→ Task to carry out: Look below for the line that contains "Mystery Of rectangle", then copy it and each following line exactly, through and including the line that contains "Evening Dress Style".

[Supplied records Boundary: Start]

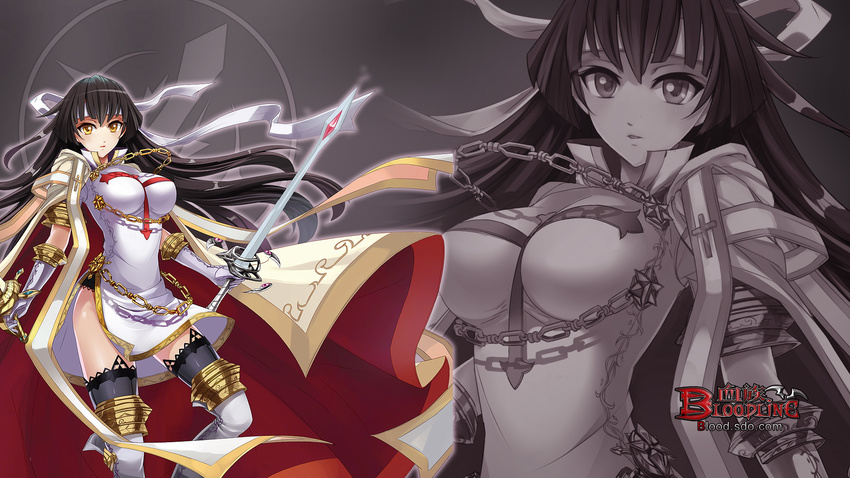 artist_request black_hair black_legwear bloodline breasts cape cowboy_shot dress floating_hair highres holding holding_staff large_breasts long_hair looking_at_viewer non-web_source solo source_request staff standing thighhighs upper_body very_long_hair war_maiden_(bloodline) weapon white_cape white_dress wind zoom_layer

[Supplied records Boundary: End]
[Supplied records Boundary: Start]

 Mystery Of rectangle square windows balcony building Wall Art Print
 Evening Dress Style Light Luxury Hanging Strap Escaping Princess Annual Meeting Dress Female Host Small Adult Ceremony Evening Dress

[Supplied records Boundary: End]

→ Answer to this exercise:
 Mystery Of rectangle square windows balcony building Wall Art Print
 Evening Dress Style Light Luxury Hanging Strap Escaping Princess Annual Meeting Dress Female Host Small Adult Ceremony Evening Dress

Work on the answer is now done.